No mudarse no significa que Melania Trump no vaya a desempeñar funciones tradicionales de la primera dama, aunque ese sea un papel que no está definido en la Constitución estadounidense y que ha ido variando según quien llegara a la Casa Blanca. En su único mitin en campaña, tras el bochorno del discurso plagiado a Michelle Obama en la convención republicana, anunció que pretende luchar contra el bullying, (una causa que no es difícil encontrar paradójica dadas las insultantes explosiones de su marido, que promete seguir usando Twitter desde el Despacho Oval).

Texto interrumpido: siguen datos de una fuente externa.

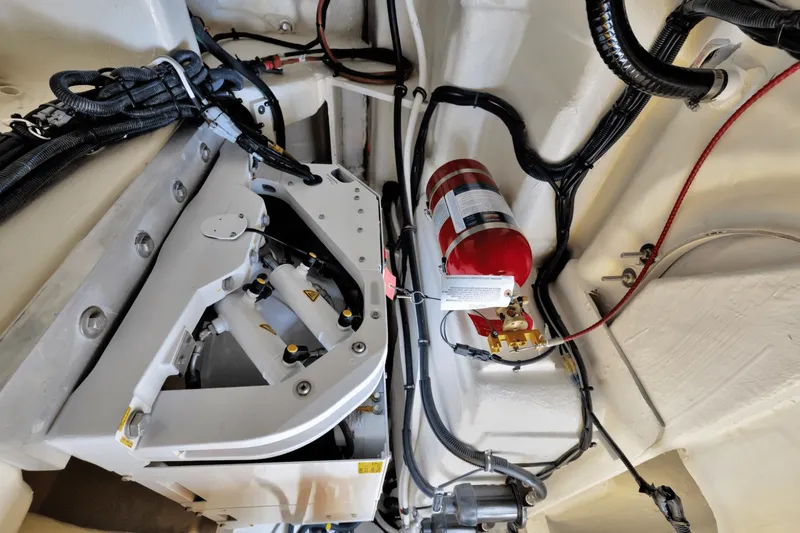 Slide: The Image of Sea Ray 370 SUNDANCER OUTBOARD 2024 - 31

Y Anita McBride, que fue asesora del presidente George W. Bush y jefa de personal de Laura Bush, ha explicado también en el Post que, en lo que respecta a actos ceremoniales, lo que está oyendo es que «cuando sea necesario y si lo es, la señora Trump puede trasladarse para participar en actos, pero también él tiene otros miembros de su familia que pueden apoyarla en esos deberes».

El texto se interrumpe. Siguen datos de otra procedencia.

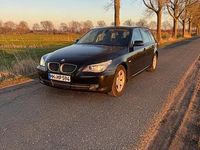 Gebraucht BMW 525 197 PS (144 kW) 2007 Schwarz Kombi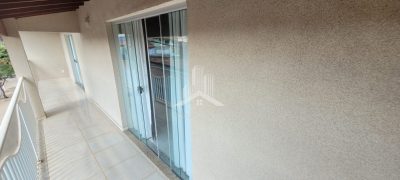 CASA À VENDA COM EXCELENTE LOCALIZAÇÃO - RESIDENCIAL REAL PARQUE!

En ese apoyo hay precedentes. Jackie Kennedy solía viajar a menudo durante la presidencia de su marido, y eran la madre y las hermanas de JFK quienes asumían algunas de las funciones ceremoniales y Margaret Truman y Pat Nixon suplieron frecuentemente a sus madres. Pero son ejemplos que apunta a dejar pequeños Ivanka Trump.

Vecina de Obama

Es la segunda hija del presidente, que estuvo mucho más activa y presente en la campaña que Melania y es una de las personas en quien más confía Trump, quien posiblemente desarrollará de facto el papel de primera dama. De momento, ya ha sido ella quien ha ayudado al presidente electo a gestionar encuentros con famosos defensores del medioambiente como Al Gore y Leonardo DiCaprio y quien ha estado presente en reuniones o conversaciones con líderes extranjeros como Shinzo Abe o Mauricio Macri.

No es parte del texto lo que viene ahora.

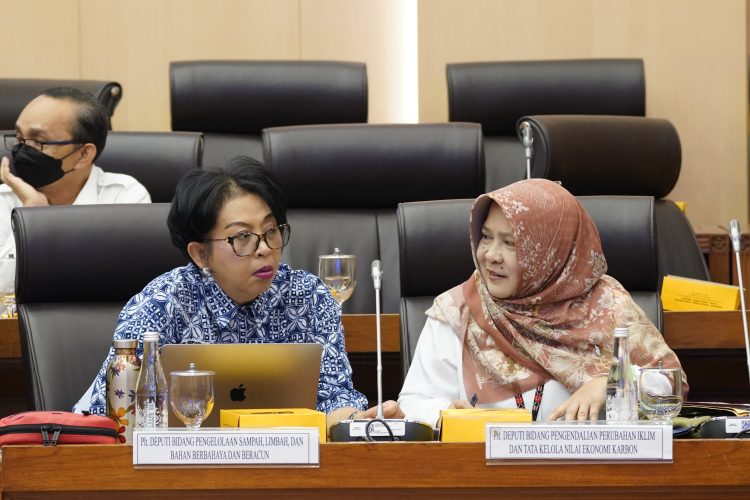 KLH Hentikan Importasi Sampah Plastik Mulai Tahun 2025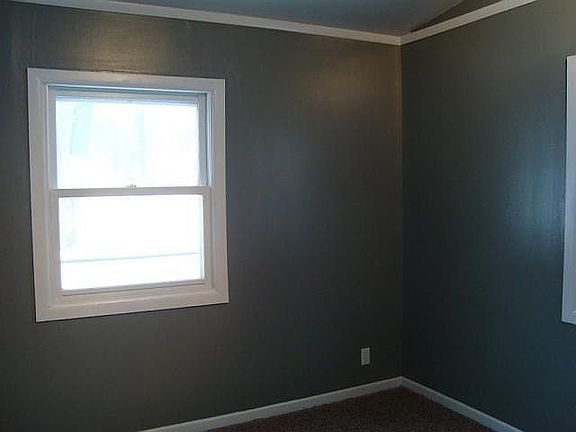 4th image of 60349 Missouri Ave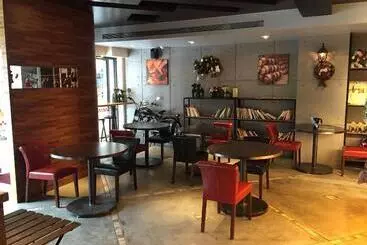 G16 Inn B&b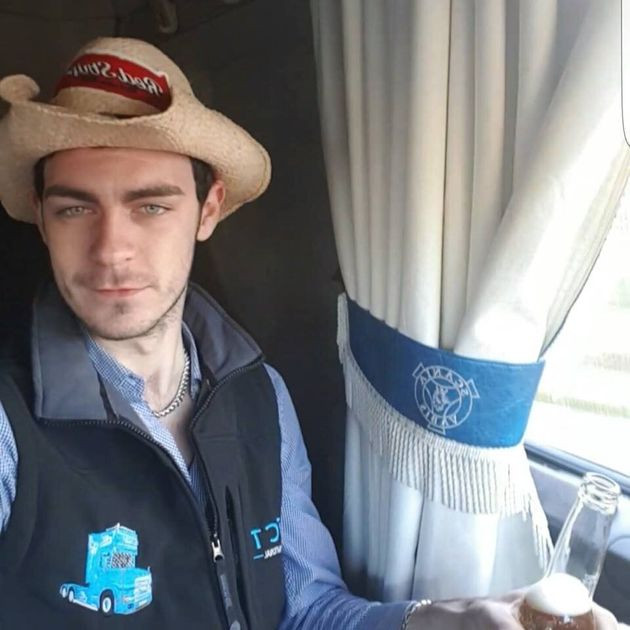 Được biết, cảnh sát Anh đã tiến hành truy tố đối với Maurice Robinson. Tài xế 25 tuổi này sẽ xuất hiện tại tòa sơ thẩm Chelmsford hôm 28/10 với các cáo buộc ngộ sát, âm mưu buôn người, âm mưu hỗ trợ nhập cư bất hợp pháp và rửa tiền. Ảnh: HP.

Ella y su esposo, Jared Kushner, también íntimo asesor del magnate, han alquilado una casa en Washington donde se instalarán con sus tres hijos. Como los Obama, han elegido Kalorama, que se consolida como el barrio it de la capital con esas llegadas y otras, como la de Wilbul Ross, el milmillonario elegido para la Secretaría de Comercio, que antes incluso de ser confirmado se ha comprado una mansión de 12 millones de dólares. Y se da por hecho que será Ivanka quien ocupe la oficina en el Ala Este reservada para la primera dama.

La ética, a prueba

Hay precedentes legales en los que el presidente electo podría escudarse para alejar los fantasmas de nepotismo, como una decisión judicial de 1993 que asegura que la ley de 1967 que trata de frenarlo solo afecta a cargos del Gabinete, no de la Casa Blanca. Pero con Ivanka y Kushner entre su staff, Trump pondrá de nuevo a prueba, si no la ley, la ética. Será otro reto a las costumbres de un presidente sin duda novedoso que, puesto a romper con las tradiciones, es el primero en décadas que no ha hecho públicas sus declaraciones de impuestos y que está salpicado por la sombra de serios conflictos de intereses, por más que haya asegurado, sin dar todos los detalles, que se desvinculará de su organización empresarial, que quedará en manos de sus hijos Donald Jr. y Eric.

El más que posible rol de Invanka, no obstante, puede representar un cambio bienvenido por muchos en la definición de un papel difuso. «Quizá Ivanka fuerce a una reconsideración de qué significa ser primera dama y quién debe ocupar esa posición», ha declarado, por ejemplo, Kate Andersen Brower, autora de dos libros sobre la vida en la Casa Blanca, que ha apostado por que ese papel (que no tiene salario, pero sí dispone de personal propio con financiación federal) vaya «a alguien que lo quiera y que reconozca la increíble responsabilidad y oportunidad que viene con el verdaderamente anticuado apodo, no alguien que hereda el título».

Lo que parece claro es que con la llegada de los Trump a la Casa Blanca se constata lo que ha dicho Katherine Jellison, historiadora de Ohio University y otra autoridad en primeras damas: «Estamos en un momento en que se rompen todos los moldes». Y también algo que ha señalado McBride, la exasesora de los Bush: «Como todo en estas elecciones, el manual se está reescribiendo cada día». Y si algo ha demostrado Trump es que es mejor no adelantarse a lo que se escribirá en esas páginas.